## [Required action]
An exact copy of all the data is the required output.

Entries taken from a collection:
● ● ● ●
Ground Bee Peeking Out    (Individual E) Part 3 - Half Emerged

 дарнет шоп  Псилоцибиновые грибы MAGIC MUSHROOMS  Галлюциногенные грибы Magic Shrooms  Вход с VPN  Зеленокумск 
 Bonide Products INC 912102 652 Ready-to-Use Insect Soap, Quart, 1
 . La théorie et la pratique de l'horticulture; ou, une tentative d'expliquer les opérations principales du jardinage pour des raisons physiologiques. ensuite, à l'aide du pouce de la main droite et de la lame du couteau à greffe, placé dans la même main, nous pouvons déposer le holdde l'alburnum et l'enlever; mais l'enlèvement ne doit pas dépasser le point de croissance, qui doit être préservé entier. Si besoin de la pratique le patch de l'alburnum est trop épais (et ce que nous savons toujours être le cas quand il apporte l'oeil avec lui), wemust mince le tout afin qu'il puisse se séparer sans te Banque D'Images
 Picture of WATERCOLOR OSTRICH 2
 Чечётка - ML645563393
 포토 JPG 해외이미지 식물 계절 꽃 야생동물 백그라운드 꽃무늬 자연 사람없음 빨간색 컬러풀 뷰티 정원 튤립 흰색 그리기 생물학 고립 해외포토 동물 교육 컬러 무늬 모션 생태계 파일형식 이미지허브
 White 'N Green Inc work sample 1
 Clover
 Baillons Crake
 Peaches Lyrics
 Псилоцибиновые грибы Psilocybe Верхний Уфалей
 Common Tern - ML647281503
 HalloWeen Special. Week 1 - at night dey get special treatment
● ● ● ●
## [Answer box]
Ground Bee Peeking Out    (Individual E) Part 3 - Half Emerged

 дарнет шоп  Псилоцибиновые грибы MAGIC MUSHROOMS  Галлюциногенные грибы Magic Shrooms  Вход с VPN  Зеленокумск 
 Bonide Products INC 912102 652 Ready-to-Use Insect Soap, Quart, 1
 . La théorie et la pratique de l'horticulture; ou, une tentative d'expliquer les opérations principales du jardinage pour des raisons physiologiques. ensuite, à l'aide du pouce de la main droite et de la lame du couteau à greffe, placé dans la même main, nous pouvons déposer le holdde l'alburnum et l'enlever; mais l'enlèvement ne doit pas dépasser le point de croissance, qui doit être préservé entier. Si besoin de la pratique le patch de l'alburnum est trop épais (et ce que nous savons toujours être le cas quand il apporte l'oeil avec lui), wemust mince le tout afin qu'il puisse se séparer sans te Banque D'Images
 Picture of WATERCOLOR OSTRICH 2
 Чечётка - ML645563393
 포토 JPG 해외이미지 식물 계절 꽃 야생동물 백그라운드 꽃무늬 자연 사람없음 빨간색 컬러풀 뷰티 정원 튤립 흰색 그리기 생물학 고립 해외포토 동물 교육 컬러 무늬 모션 생태계 파일형식 이미지허브
 White 'N Green Inc work sample 1
 Clover
 Baillons Crake
 Peaches Lyrics
 Псилоцибиновые грибы Psilocybe Верхний Уфалей
 Common Tern - ML647281503
 HalloWeen Special. Week 1 - at night dey get special treatment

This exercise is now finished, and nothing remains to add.